For Alex, this type of work has long been a part of his professional life. The extensive research he has conducted as a graduate student and a digital scholarship librarian all center around his use of digital methods.
As a graduate student, Alex wanted to study soccer and politics in Argentina. To do this, he focused his research on the Ciudad Deportiva, a planned sports complex for the Boca Juniors in the 1970s that was never completed. The overall complex was for sports and recreational activities beyond just soccer, everything from a fishing club to fine dining.
“It was like this project that you always grew up hearing about that animated the whole city in a way,” Alex explained. “There was this aura of mystique around this huge project that never got finished.”
Through this lens, he took a close look into urban politics, how the city of Buenos Aires developed around the project, and how soccer clubs like Boca Juniors animated everyday politics in the city.
But Alex didn’t want to write a traditional dissertation. Instead, he took an avid interest in digitizing all of his sources and developing an online persona around the work he was doing. Working with a group of journalists, Alex also created a documentary about his research, which allowed him to translate his research into a narrative story that captures the attention of academics and non-academics alike through the engaging and easily accessible platform of video.
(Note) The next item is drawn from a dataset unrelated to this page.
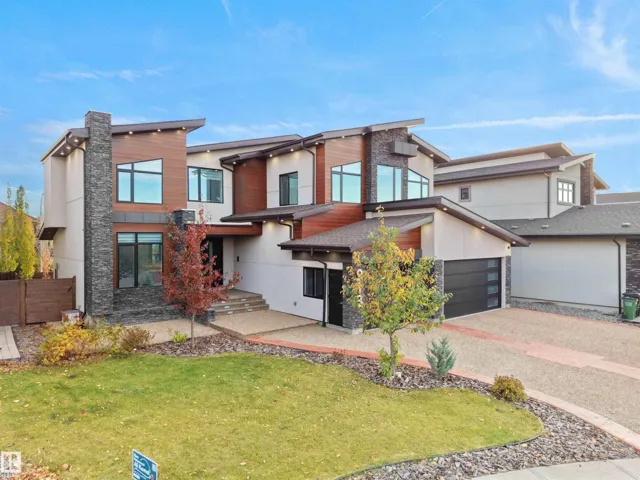 913 WOOD PL NW, Edmonton, Alberta T6W3G8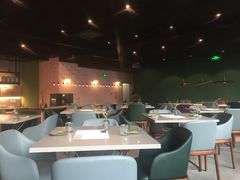 -半山腰·云南菜(侨福芳草地店)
The documentary also gave him the opportunity to make his research more accessible to those in Buenos Aires who would be most impacted by it. For Alex, it was important to give something back to the research community he worked with and those who shared their knowledge and experiences with him.
The idea of making his research accessible and impactful is one Alex carried with him.
As a CLIR postdoctoral researcher at Haverford College, Alex worked on the Grupo de Apoyo Mutuo (GAM) Digital Archive Project, a project intended—first and foremost—to shift historical memory about forced disappearances during the Guatemalan Civil War.
During the war, which lasted from 1960 to 1996, state security forces targeted anyone deemed subversive. One of their tactics was forced disappearance, especially for young activists. The GAM—a human rights group in Guatemala—formed to demand justice for the disappeared, loved ones they knew would never return home.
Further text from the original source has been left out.